TASK STATEMENT >>
Taking the data below, please print only the lines from the line holding "KERYOOLI (2個セット） エアタグ" to the line holding "Army Green Satin", inclusive, with pictures omitted.

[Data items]
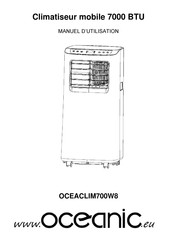 Oceanic OCEACLIM700W8 Manuel D'utilisation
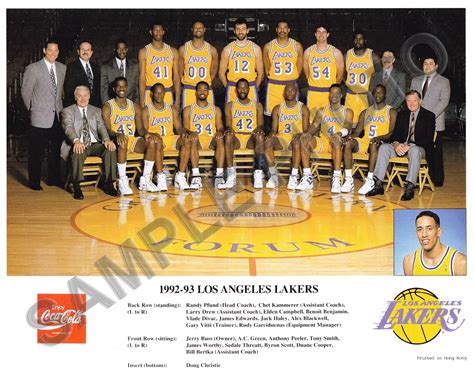 Los Angeles Lakers Line Up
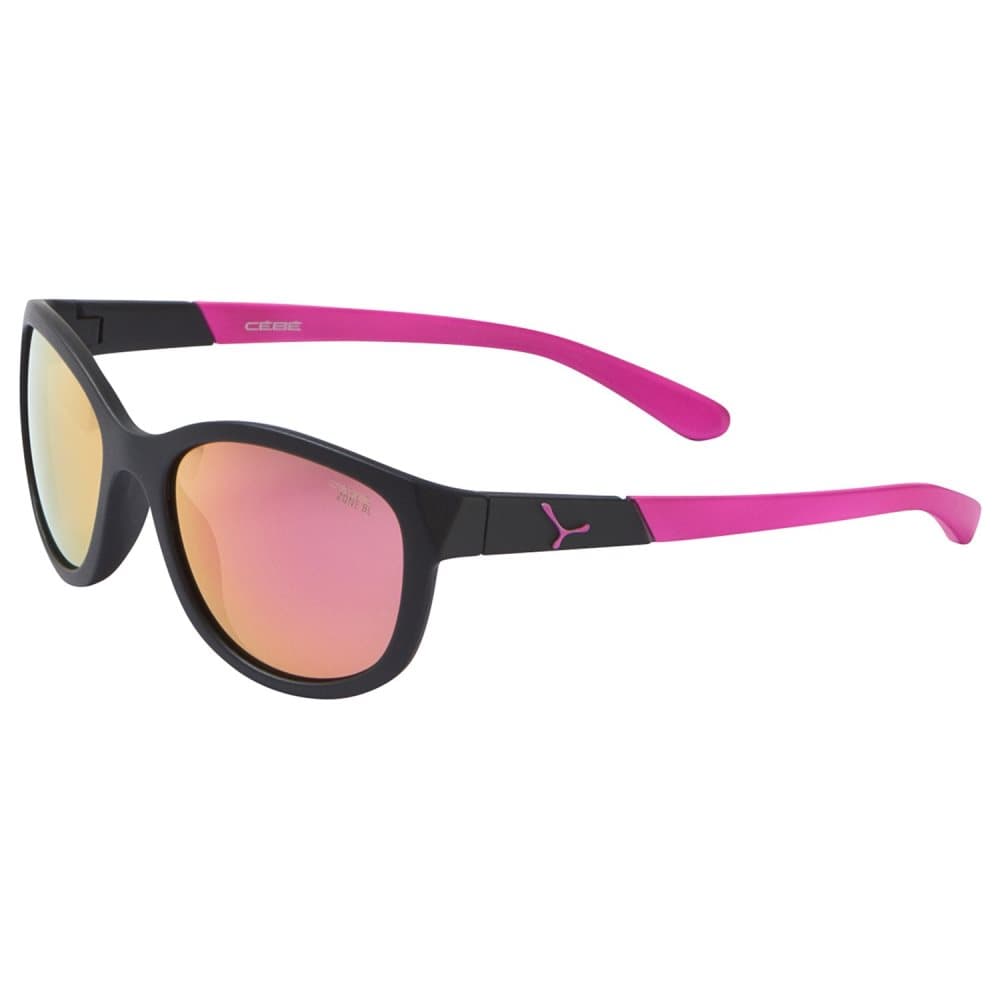 Cebe, Black with Pink Lense Katniss Sunglasses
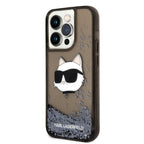 Karl Lagerfeld Liquid Glitter dėklas iPhone 14 Pro Max – juodas -- iPhone 14 Pro Max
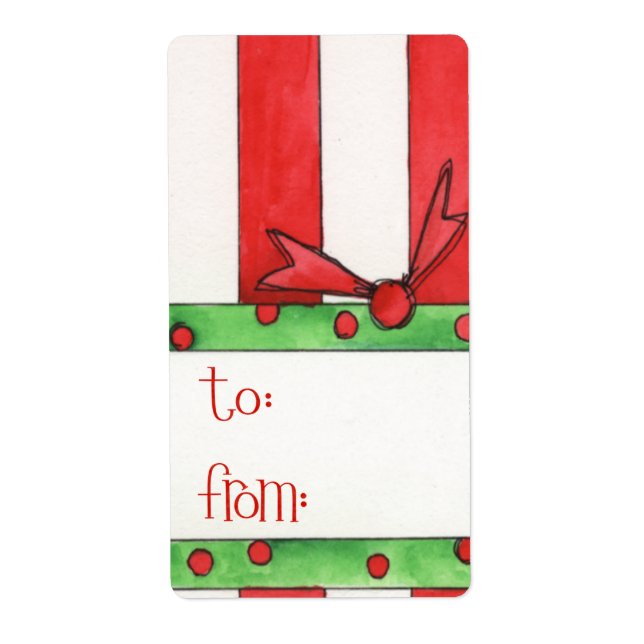 Etiqueta de presente de Natal (Frente)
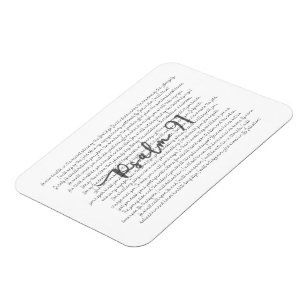 Psalm 91 Scripture Art Magnet for Home or Office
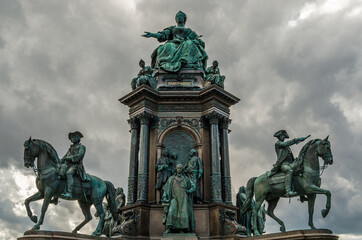 Obraz premium Architecture detail in Vienna, Austria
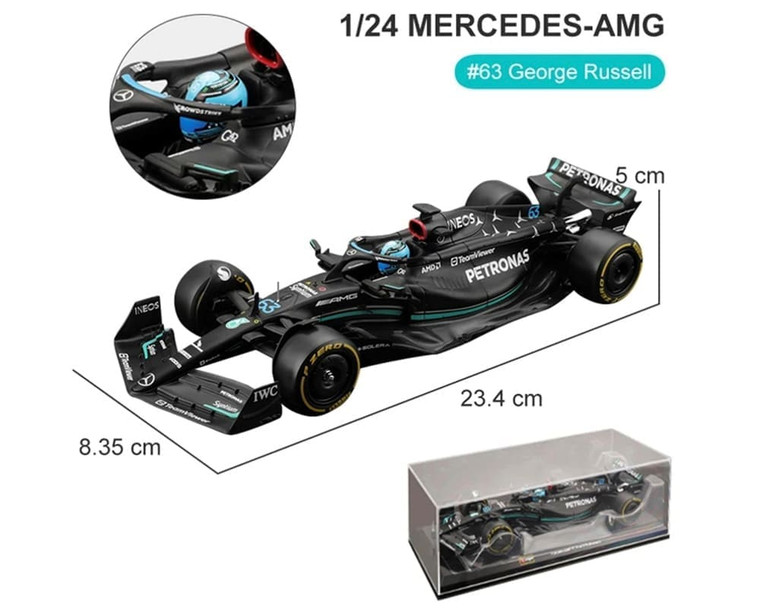 Bburago 1:24 Race F1 Mercedes-amg W14 E Performance 2023 #63 George Russell- Diecast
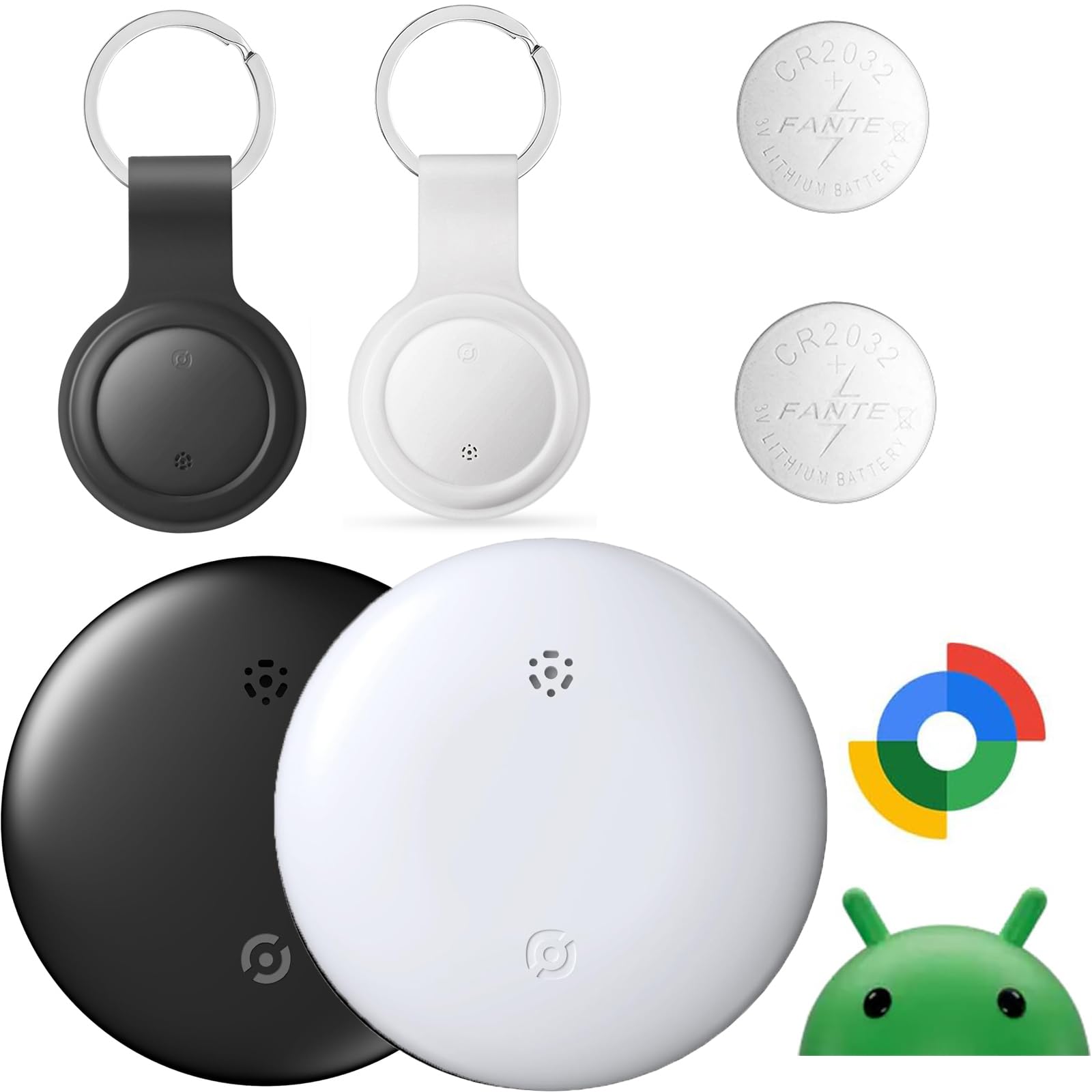 KERYOOLI (2個セット） エアタグ android: Google認証のAndroid専用トラッカーは価値あり？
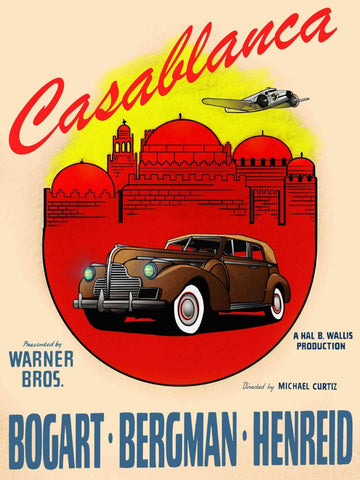 Casablanca - Tallenge Classic Hollywood Movie Poster - Art Prints by Tim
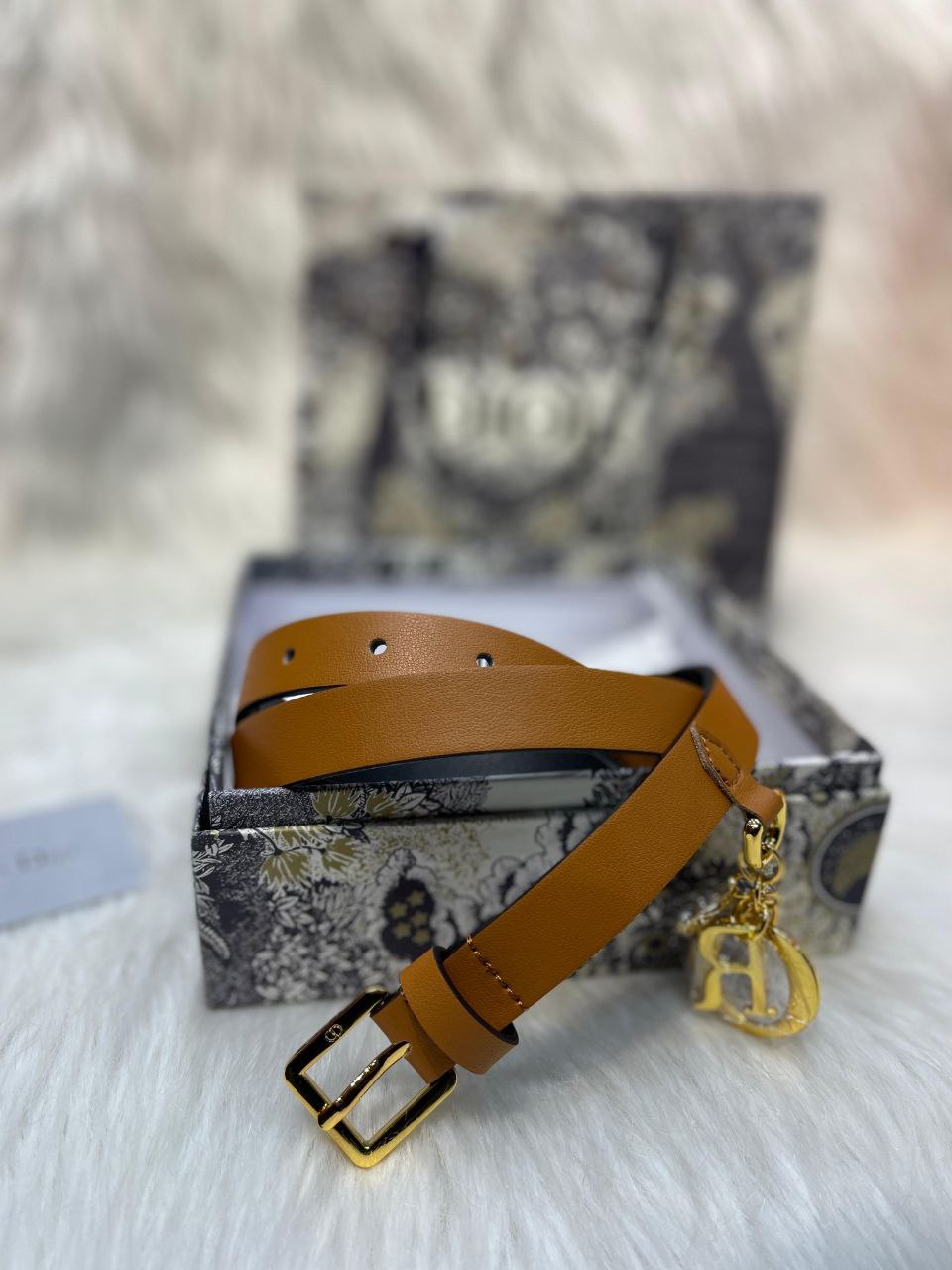 Ceinture Christian Dior en Vrai Cuir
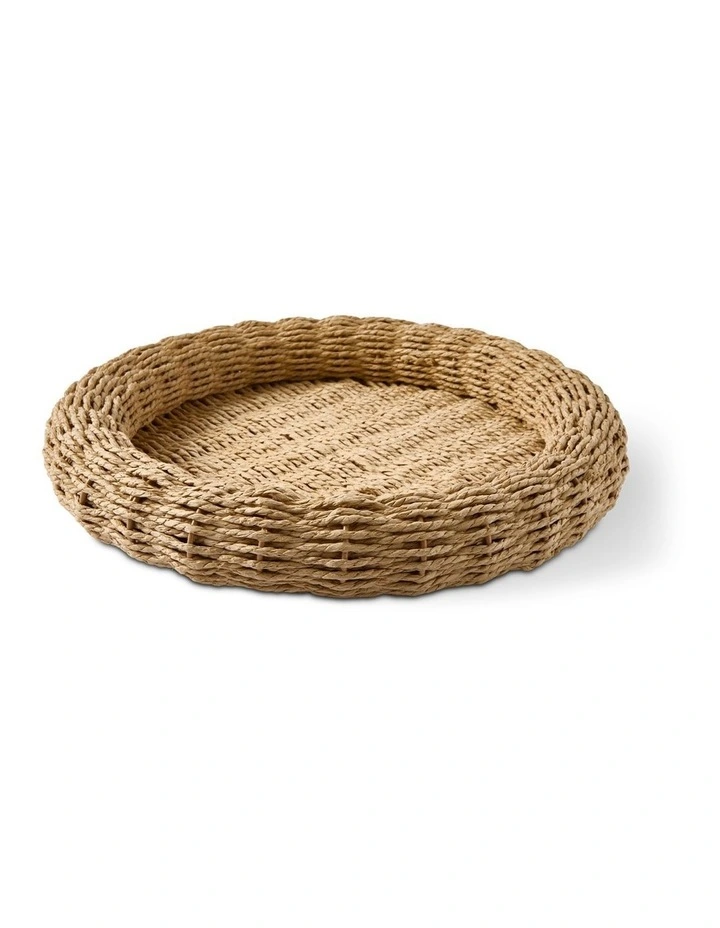 salt&pepper Sienna Woven Tray 43cm in Natural image 1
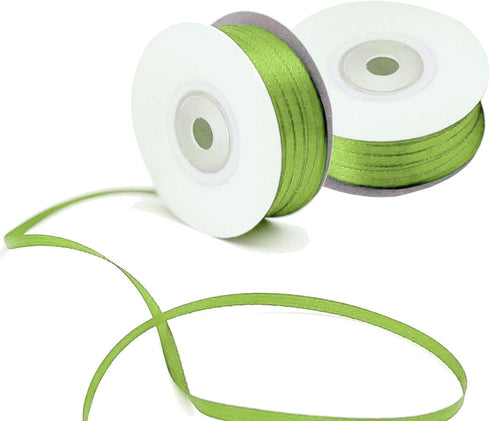 Army Green Satin Ribbon -1/8-Inch x 100 Yards Ribbons for Crafts Gift Wrapping DIY Bows Decoration Sewing and Invitation Card ?Pack of 2?...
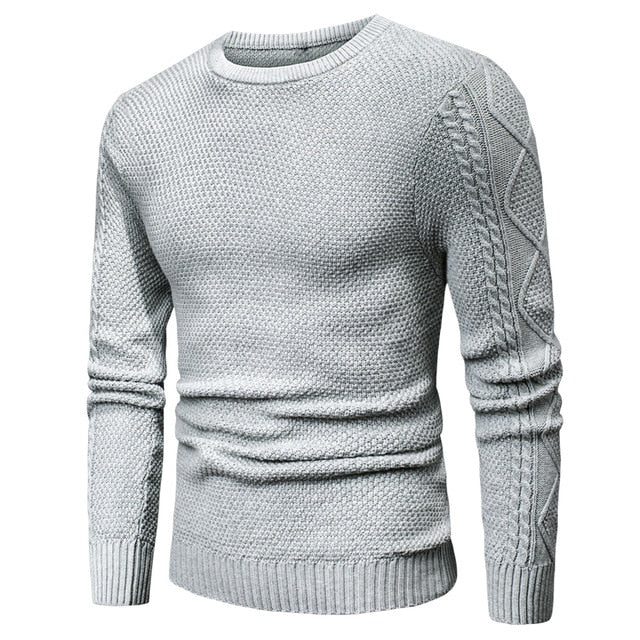 Luulla Men 2020 Spring Casual 100% Cotton Warm Sweater Pullovers Men Autumn Fashion 3D Geometric Soft Sweater Jumpers Men Plus
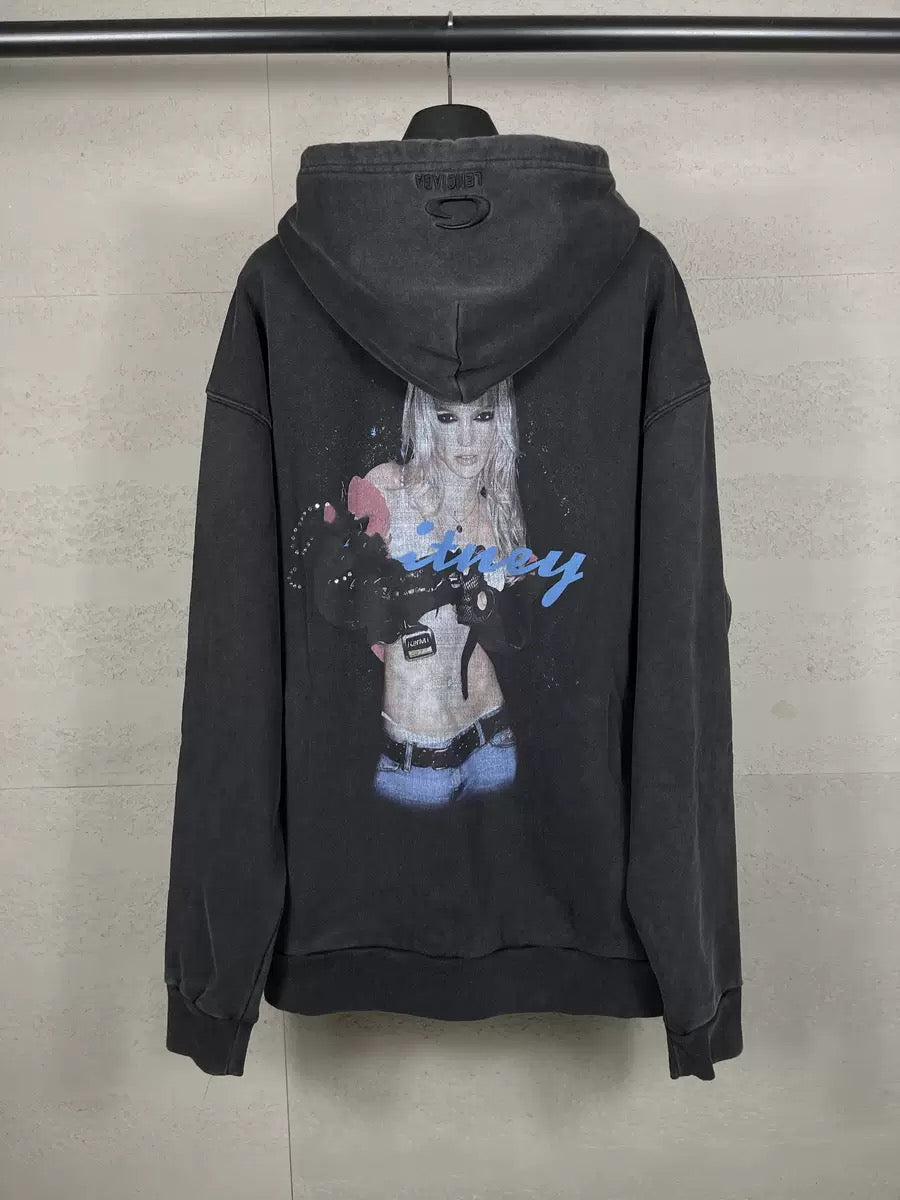 Exclusive Balenciaga Couples Gradient Hoodie — XS — Back View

OUTPUT BELOW >>
 KERYOOLI (2個セット） エアタグ android: Google認証のAndroid専用トラッカーは価値あり？
 Casablanca - Tallenge Classic Hollywood Movie Poster - Art Prints by Tim
 Ceinture Christian Dior en Vrai Cuir
 salt&pepper Sienna Woven Tray 43cm in Natural image 1
 Army Green Satin Ribbon -1/8-Inch x 100 Yards Ribbons for Crafts Gift Wrapping DIY Bows Decoration Sewing and Invitation Card ?Pack of 2?...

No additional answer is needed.